Basic Authentication

The most common form of online is authentication is basic authentication. Basic authentication is a dialogue between the webserver and browsing agent in which the login credentials are requested and processed, as shown in Figure 20-1.

Web pages subject to basic authentication exist in what’s called a realm. Generally, realms refer to all web pages in the current server directory as well as the web pages in sub-directories. Fortunately, browsers shield people from many of the details defined in Figure 20-1. Once you authenticate yourself with a browser, it appears that you don’t re-authenticate yourself when accessing other pages within the realm. In reality, the dialogue from Figure 20-1 happens for each page downloaded within the realm. Your browser automatically resubmits your authentication credentials without asking you again for your username and password. When accessing a basic authenticated website with a webbot, you will need to send your login credentials every time the webbot requests a page within the authenticated realm, as shown later in the example script.

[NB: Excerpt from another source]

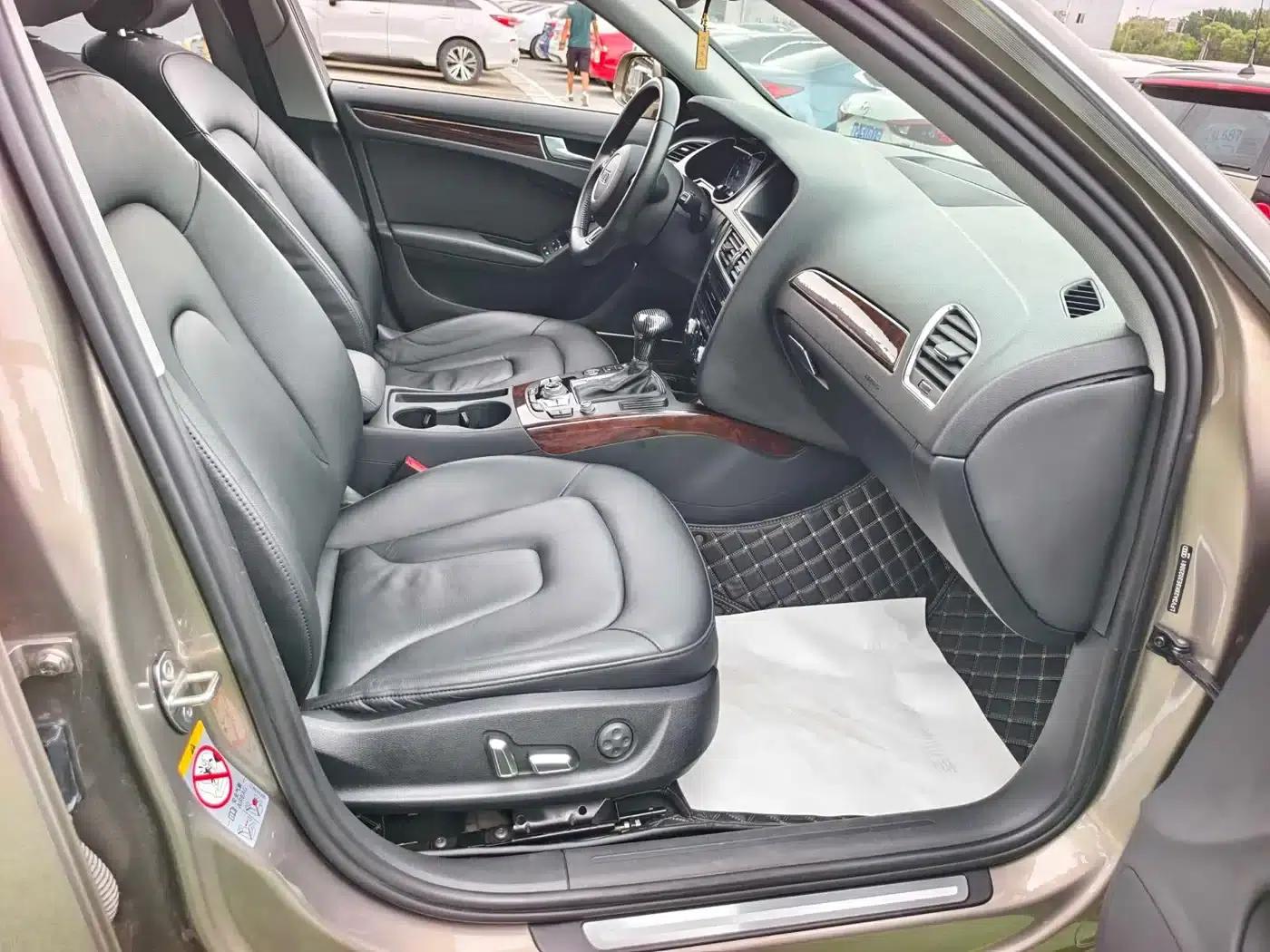 Audi A4L 2013 35 TFSI Automatic Technology Edition — миниатюра 15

Basic authentication dialogue

Figure 20-1. Basic authentication dialogue

Before you write an auto-authenticating webbot, you should first visit the target website and manually authenticate yourself into the site with a browser. This way you can validate your login credentials and learn about the target site before you design your webbot. When you request a web page from the book’s basic authentication test area, your browser will initially present a login form for entering usernames and passwords, as shown in Figure 20-2.

Basic authentication login form

Figure 20-2. Basic authentication login form

After entering your username and password, you will gain access to a simple set of practice pages (shown in Figure 20-3) for testing auto-authenticating webbots and basic authentication. You should familiarize yourself with these simple pages before reading further.

Basic authentication test pages

Figure 20-3. Basic authentication test pages

The commands required to download a web page with basic authentication are very similar to those required to download a page without authentication. The only change is that you need to configure the CURLOPT_USERPWD option to pass the login credentials to PHP/CURL. The format for login credentials is the username and password separated by a colon, as shown in Example 20-1.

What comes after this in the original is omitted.